3. Even before Windows 7 Phone has hit the mass market, Amazon has announced a Kindle App for the smart phone, giving it yet another platform for readers who purchase e-boos from Amazon.
I couple these formal announcements with two key take-aways from panels I moderated at MAX.
1. Magazines are still in their earliest days of understanding the digital opportunity as it relates to reading devices such as the iPad. Two fatal flaws that seem to be a common occurrence are taking published magazine content and created what I’d call “enhanced replicas.” Some are even proud that there’s minor incremental content cost by re-purposing print content for the tablet.
2. The more erudite book design world agrees that interactivity for the sake of interactivity is lost on most consumers as it only causes confusion. Publishers view interactivity as a “bright shiny object” (my words) and have yet to find its proper place in their respective internal hype cycles.
Piecing together these data points, consider the following:
1. Magazines may have a powerful trajectory ahead, but liftoff will not take place until they redefine the term periodical (why publish weekly when new efficiencies allows you to publish in real time if need be) as well as view the digital channel and device capability as a new publishing paradigm as opposed to a channel for somewhat dressed-up recycled. It will be a pity if publishers don’t view services such as Adobe’s hosted publishing suite as a mean to build collaborative efforts with new visionaries.
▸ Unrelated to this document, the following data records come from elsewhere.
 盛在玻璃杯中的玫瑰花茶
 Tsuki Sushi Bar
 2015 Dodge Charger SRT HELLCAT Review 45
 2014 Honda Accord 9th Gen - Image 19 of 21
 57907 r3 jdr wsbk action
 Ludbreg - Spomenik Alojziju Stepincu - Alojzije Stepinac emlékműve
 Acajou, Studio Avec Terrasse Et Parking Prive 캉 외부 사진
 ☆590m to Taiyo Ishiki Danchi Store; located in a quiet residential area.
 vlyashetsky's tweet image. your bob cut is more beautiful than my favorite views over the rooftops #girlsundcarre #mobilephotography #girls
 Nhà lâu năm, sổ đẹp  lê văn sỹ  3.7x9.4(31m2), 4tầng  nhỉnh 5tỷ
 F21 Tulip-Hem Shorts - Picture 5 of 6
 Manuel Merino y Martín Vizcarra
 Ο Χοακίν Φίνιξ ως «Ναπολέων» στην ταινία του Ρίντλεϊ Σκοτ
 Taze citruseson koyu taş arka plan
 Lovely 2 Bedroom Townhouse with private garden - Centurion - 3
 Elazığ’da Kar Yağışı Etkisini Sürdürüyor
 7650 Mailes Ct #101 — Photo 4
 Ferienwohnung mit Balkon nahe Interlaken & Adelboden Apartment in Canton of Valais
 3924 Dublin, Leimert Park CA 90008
2. Magazines cannot get by much longer by ignoring or stating that the lack of advertising solutions for new digital channels is “uncharted.” It’s understandable that warring stakeholders in the device world stand in the way of scalable open solutions, but it’s time for publishers to demand open platforms to capitalize on bringing new, measurable ad experiences to the tablet and other similar devices.
3. Being a Libra gives me the excuse of looking at multiple sides of any issue. I now believe Amazon may not rush into the tablet market because it believes the digital magazine and newspaper opportunity isn’t close enough to build a hardware solution for an unproven market. As the world’s largest bookseller, why not continue to do what you do best.